ASSIGNMENT
All entries below must be output word for word, and the pictures left behind.

Image-text web data
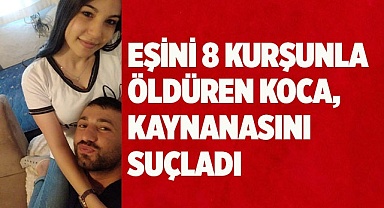 Eşini 8 kurşunla öldüren koca, kaynanasını suçlamaya devam etti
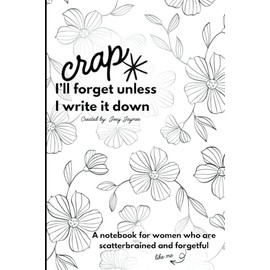 Crap I'd Forget If I Didn’t Write It Down: A Notebook for Women Who Are Scatterbrained and Forgetful: Blank pages for your busy mind! A perfect gag or gratitude journal for moms, with plenty of space for thoughts, prayers, and everything you forget.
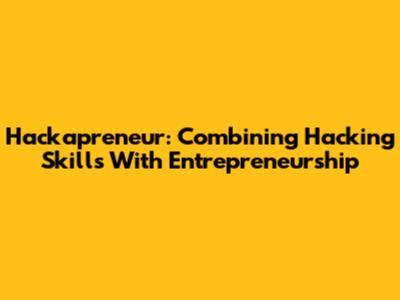 Hackapreneur: Combining Hacking Skills With Entrepreneurship
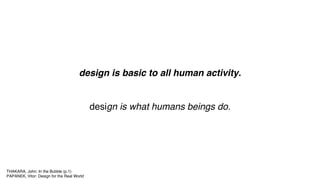 design is basic to all human activity.
design is what humans beings do.
THAKARA, John: In the Bubble (p.1)
PAPANEK, Vitor: Design for the Real World
 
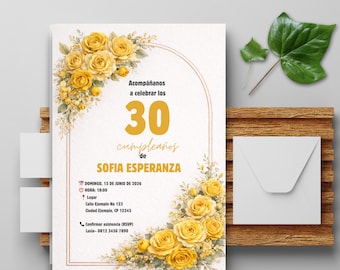 May include: A white invitation card with yellow roses and text in Spanish, celebrating a 30th birthday. The card includes details like date, time, and RSVP information. A white envelope and green leaves are also present.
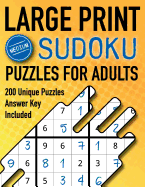 Large Print Sudoku Puzzles For Adults Medium 200 Unique Puzzles Answer Key Included: Moderately Challenging 9x9 Oversized Grids with Wide Margins for Adults and Seniors that Enjoy Activity Books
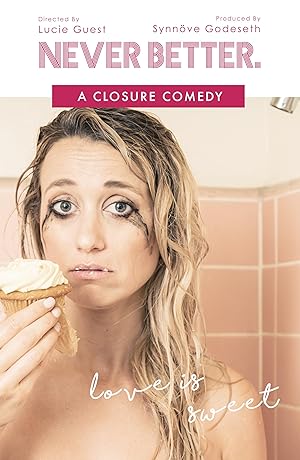 Never Better: A Closure Comedy Poster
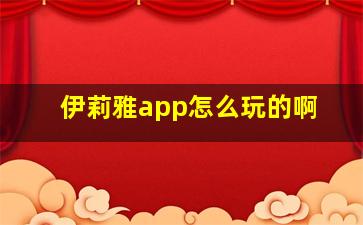 伊莉雅app怎么玩的啊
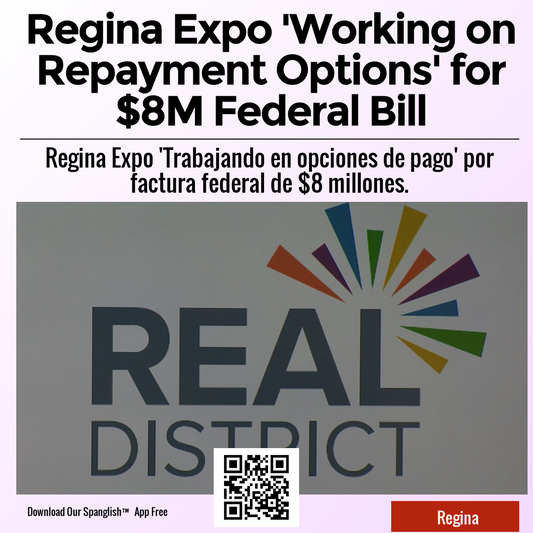 Regina Expo 'Working on Repayment Options' for $8M Federal Bill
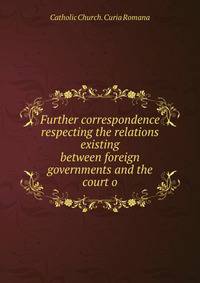 Further correspondence respecting the relations existing between foreign governments and the court o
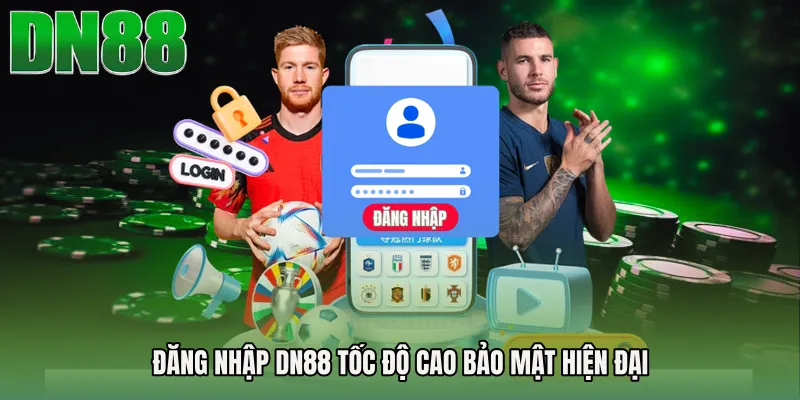 Đăng nhập DN88 tốc độ cao bảo mật hiện đại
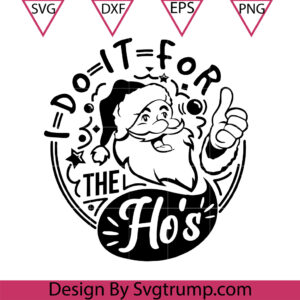 I Do It For The Ho's Svg, Rude Christmas Svg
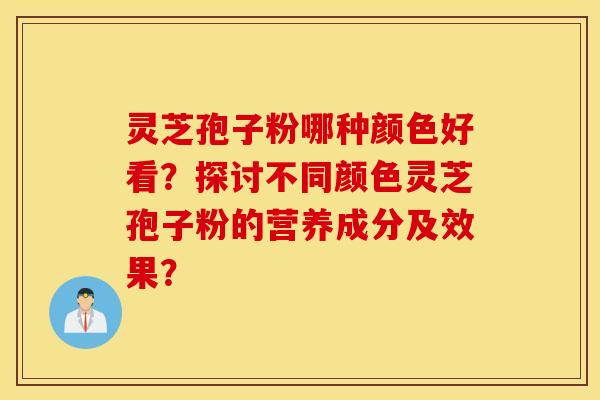 靈芝孢子粉哪種顏色好看？探討不同顏色靈芝孢子粉的營養成分及效果？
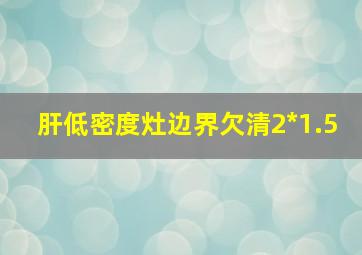 肝低密度灶边界欠清2*1.5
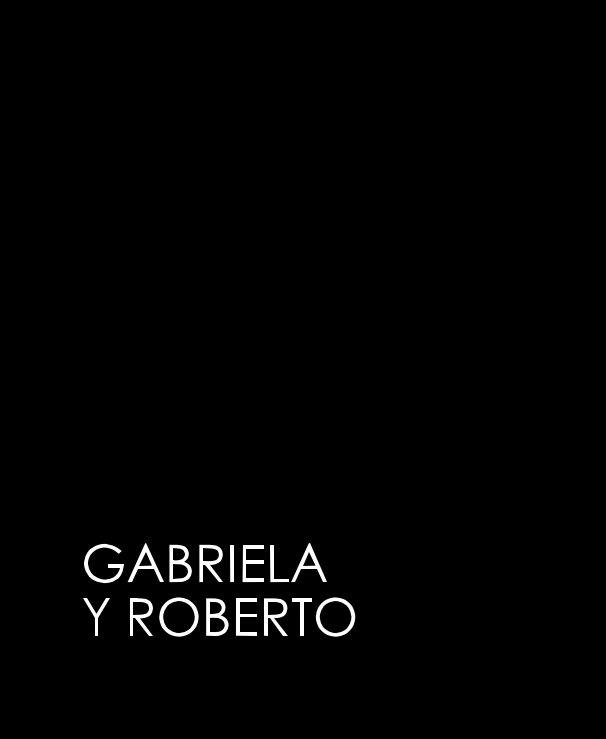 View GABRIELA Y ROBERTO by saucedo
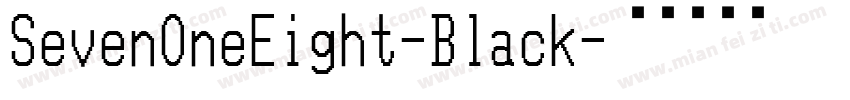SevenOneEight-Black字体转换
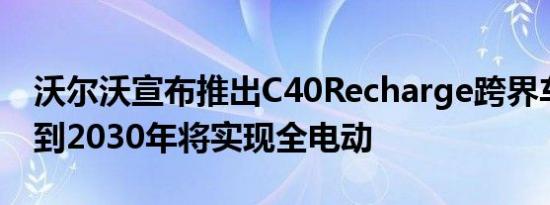 沃尔沃宣布推出C40Recharge跨界车并表示到2030年将实现全电动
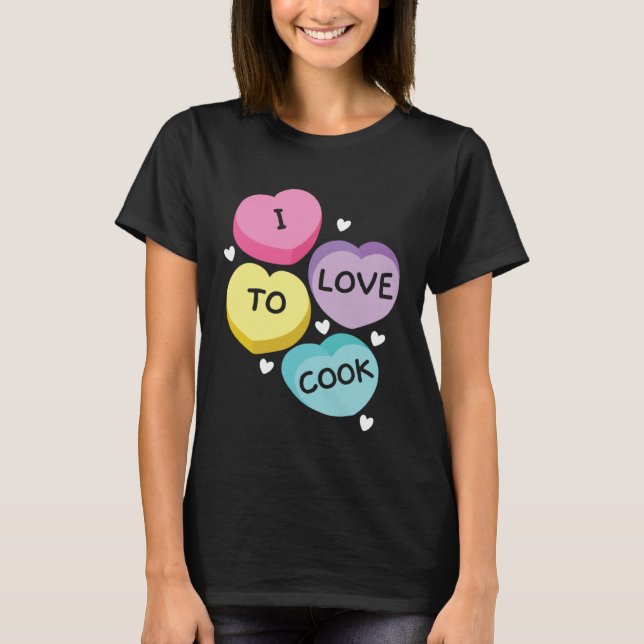 Camiseta I Love To Cook Cafeteria Job Profession Lady Cook  (Anverso)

THE COMPLETED TASK
 Eşini 8 kurşunla öldüren koca, kaynanasını suçlamaya devam etti
 Crap I'd Forget If I Didn’t Write It Down: A Notebook for Women Who Are Scatterbrained and Forgetful: Blank pages for your busy mind! A perfect gag or gratitude journal for moms, with plenty of space for thoughts, prayers, and everything you forget.
 Hackapreneur: Combining Hacking Skills With Entrepreneurship
 design is basic to all human activity.
design is what humans beings do.
THAKARA, John: In the Bubble (p.1)
PAPANEK, Vitor: Design for the Real World
 
 May include: A white invitation card with yellow roses and text in Spanish, celebrating a 30th birthday. The card includes details like date, time, and RSVP information. A white envelope and green leaves are also present.
 Large Print Sudoku Puzzles For Adults Medium 200 Unique Puzzles Answer Key Included: Moderately Challenging 9x9 Oversized Grids with Wide Margins for Adults and Seniors that Enjoy Activity Books
 Never Better: A Closure Comedy Poster
 伊莉雅app怎么玩的啊
 Regina Expo 'Working on Repayment Options' for $8M Federal Bill
 Further correspondence respecting the relations existing between foreign governments and the court o
 Đăng nhập DN88 tốc độ cao bảo mật hiện đại
 I Do It For The Ho's Svg, Rude Christmas Svg
 靈芝孢子粉哪種顏色好看？探討不同顏色靈芝孢子粉的營養成分及效果？
 肝低密度灶边界欠清2*1.5
 View GABRIELA Y ROBERTO by saucedo
SevenOneEight-Black字体转换
 沃尔沃宣布推出C40Recharge跨界车并表示到2030年将实现全电动
 Camiseta I Love To Cook Cafeteria Job Profession Lady Cook  (Anverso)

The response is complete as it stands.